▸ **Try it**
Whatever appears in the records apart from pictures must be reproduced exactly.

[Scraped caption text data]
::::

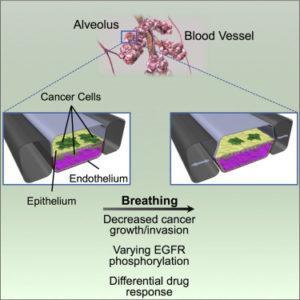 Lung on chip cancer model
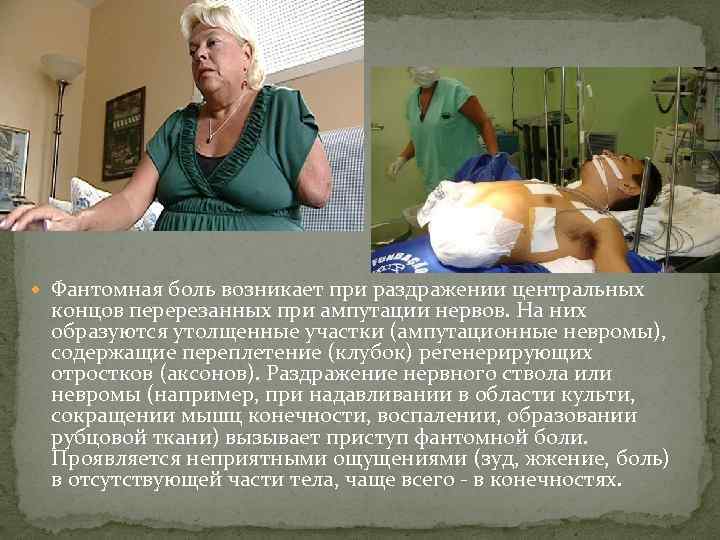  Фантомная боль возникает при раздражении центральных концов перерезанных при ампутации нервов. На них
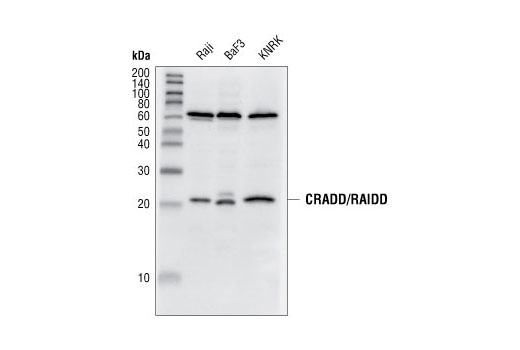 CRADD/RAIDD Antibody | Cell Signaling Technology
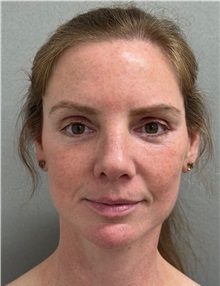 Facelift After Photo by Keshav Magge, MD; ,  - Case 50234
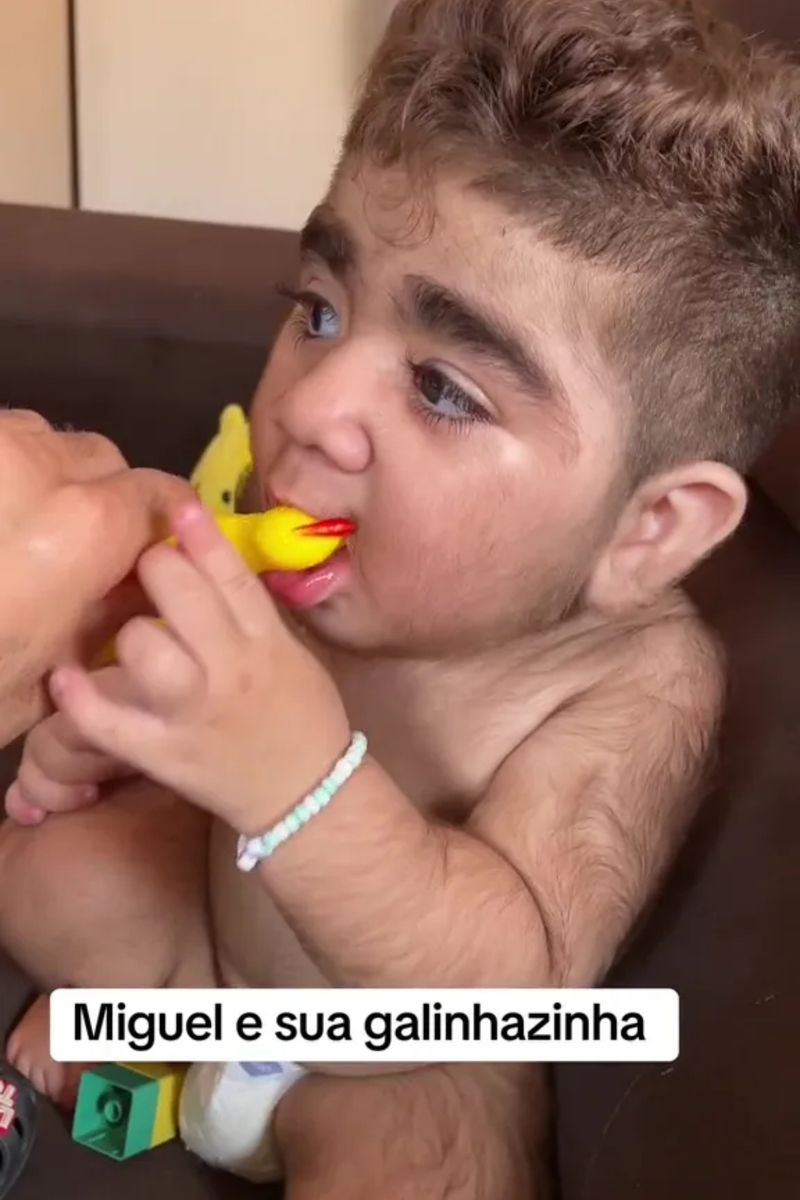 El este cel mai păros bebeluș. La doar un an, micuțul are mai mult păr pe corp decât majoritatea bărbaților adulți. „Arată de parcă are 35 de ani”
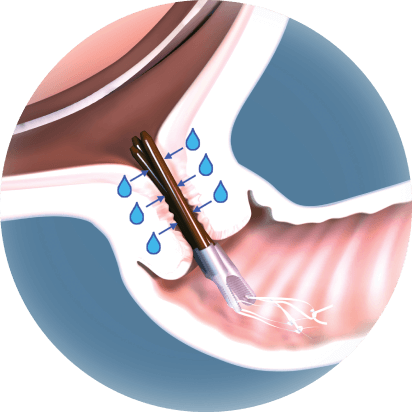 Dehydration of cervical tissue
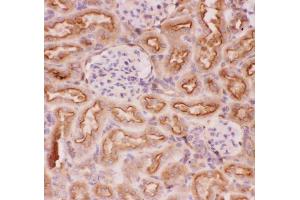 anti-ATP-Binding Cassette, Sub-Family B (MDR/TAP), Member 1 (ABCB1) (AA 621-650), (Middle Region) antibody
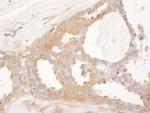 CCT8 Polyclonal Antibody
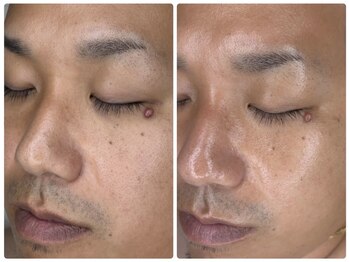 エンビ(enbi)の写真/男性歓迎の個室空間にて、清潔感UP！本格肌改善をサポートする極上のケアを◎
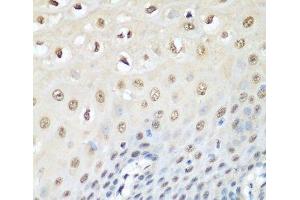 Immunohistochemistry of paraffin-embedded Human esophagus using VCP Polyclonal Antibody at dilution of 1:200 (40x lens). (VCP anticorps)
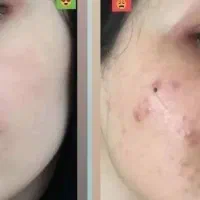 آموزش درست کردن بهترین کرم معجزه بشرط تضمینی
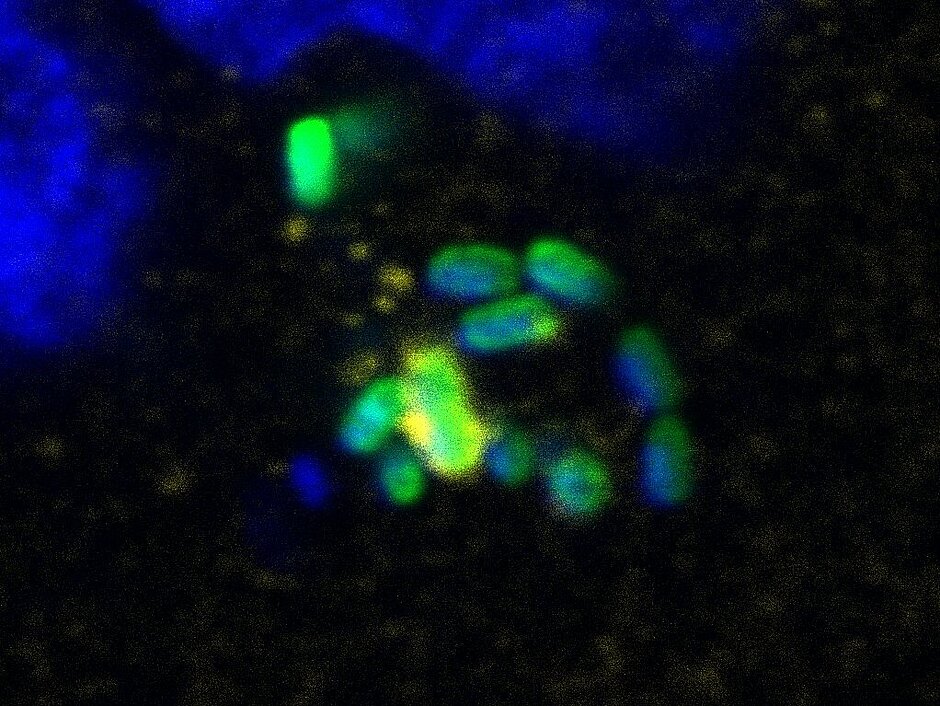 Visualization of host autophagy machinery targeting Salmonella: host cell nucleus and Salmonella shown in blue, with Salmonella highlighted in green and autophagy machinery surrounding the bacteria in yellow.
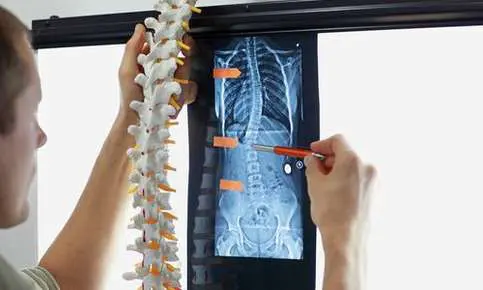 Medical professional reviewing X-ray film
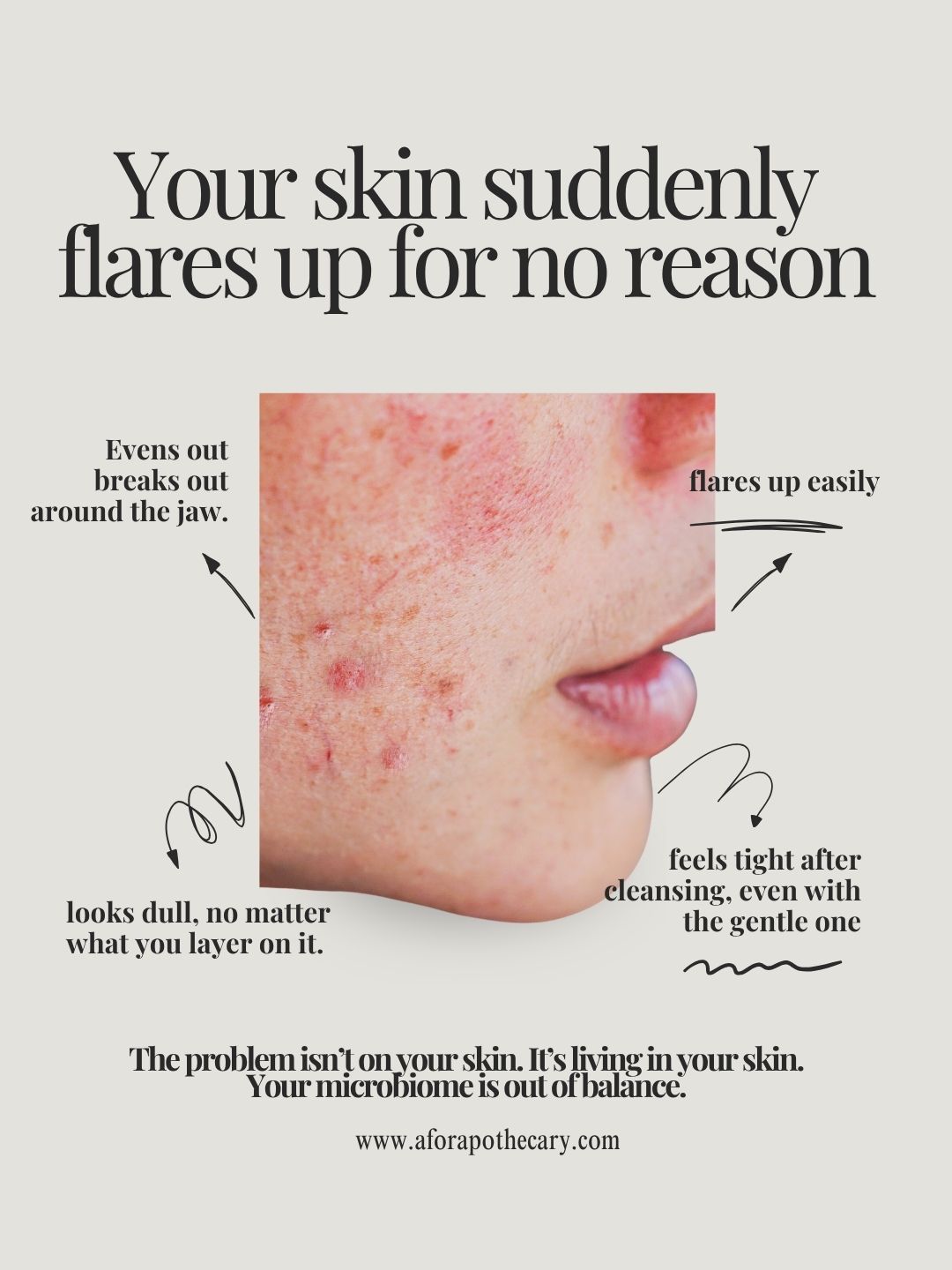 Aura Skin Reset Concentrate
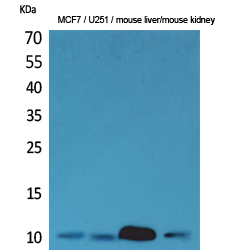 Rabbit Polyclonal Antibody to ACBP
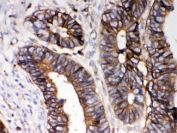 IHC testing of FFPE human intestinal cancer with HLA-A antibody. HIER: Boil the paraffin sections in pH 6, 10mM citrate buffer for 20 minutes and allow to cool prior to staining.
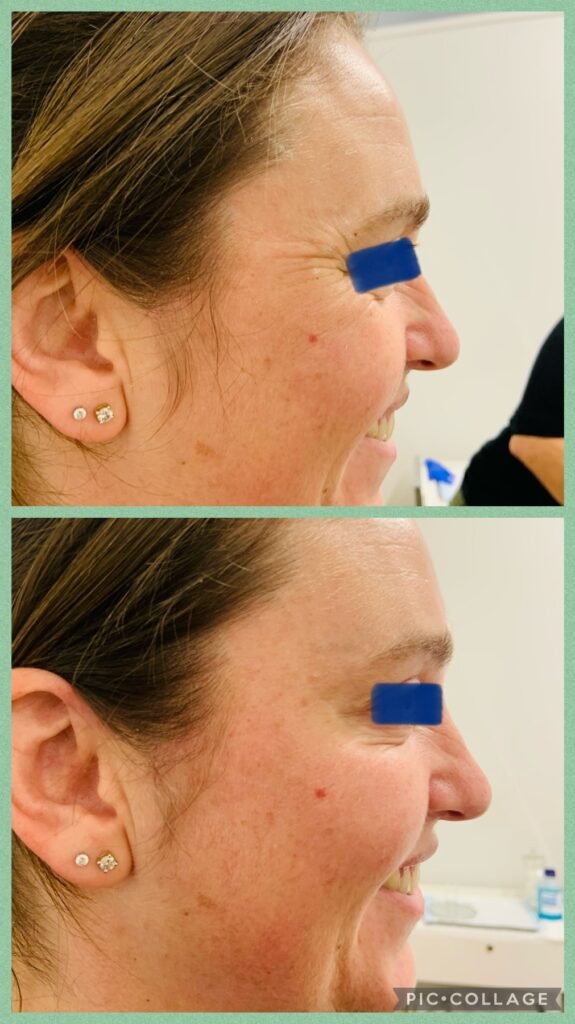 Antiwrinkle injectable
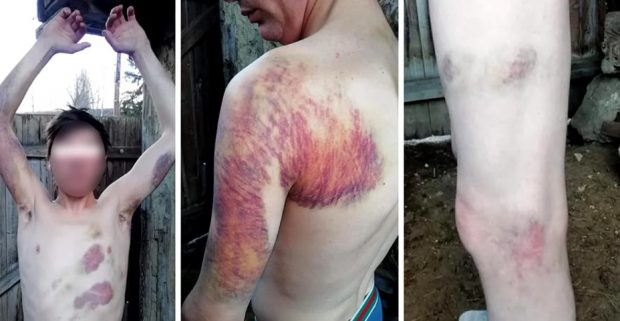 DOCUMENT. Ce a descoperit Medicina legală Moinești în cazul băiatului despre dintr-o comună din Bacău care ar fi fost bătut de un polițist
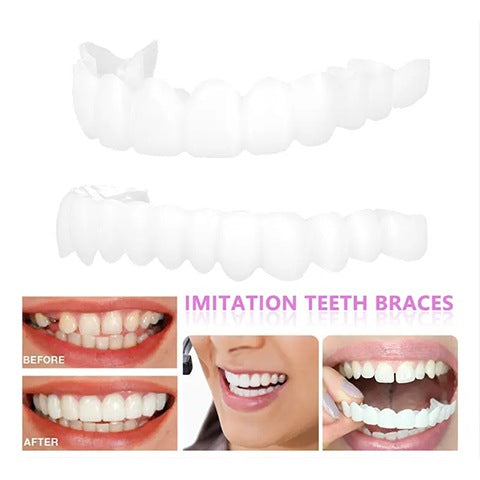 💝Last day discount-50%Off🔥Latest👨⚕Adjustable Snap-On Dentures😁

::::

▸ **Response box**
 Lung on chip cancer model
  Фантомная боль возникает при раздражении центральных концов перерезанных при ампутации нервов. На них
 CRADD/RAIDD Antibody | Cell Signaling Technology
 Facelift After Photo by Keshav Magge, MD; ,  - Case 50234
 El este cel mai păros bebeluș. La doar un an, micuțul are mai mult păr pe corp decât majoritatea bărbaților adulți. „Arată de parcă are 35 de ani”
 Dehydration of cervical tissue
 anti-ATP-Binding Cassette, Sub-Family B (MDR/TAP), Member 1 (ABCB1) (AA 621-650), (Middle Region) antibody
 CCT8 Polyclonal Antibody
 エンビ(enbi)の写真/男性歓迎の個室空間にて、清潔感UP！本格肌改善をサポートする極上のケアを◎
 Immunohistochemistry of paraffin-embedded Human esophagus using VCP Polyclonal Antibody at dilution of 1:200 (40x lens). (VCP anticorps)
 آموزش درست کردن بهترین کرم معجزه بشرط تضمینی
 Visualization of host autophagy machinery targeting Salmonella: host cell nucleus and Salmonella shown in blue, with Salmonella highlighted in green and autophagy machinery surrounding the bacteria in yellow.
 Medical professional reviewing X-ray film
 Aura Skin Reset Concentrate
 Rabbit Polyclonal Antibody to ACBP
 IHC testing of FFPE human intestinal cancer with HLA-A antibody. HIER: Boil the paraffin sections in pH 6, 10mM citrate buffer for 20 minutes and allow to cool prior to staining.
 Antiwrinkle injectable
 DOCUMENT. Ce a descoperit Medicina legală Moinești în cazul băiatului despre dintr-o comună din Bacău care ar fi fost bătut de un polițist
 💝Last day discount-50%Off🔥Latest👨⚕Adjustable Snap-On Dentures😁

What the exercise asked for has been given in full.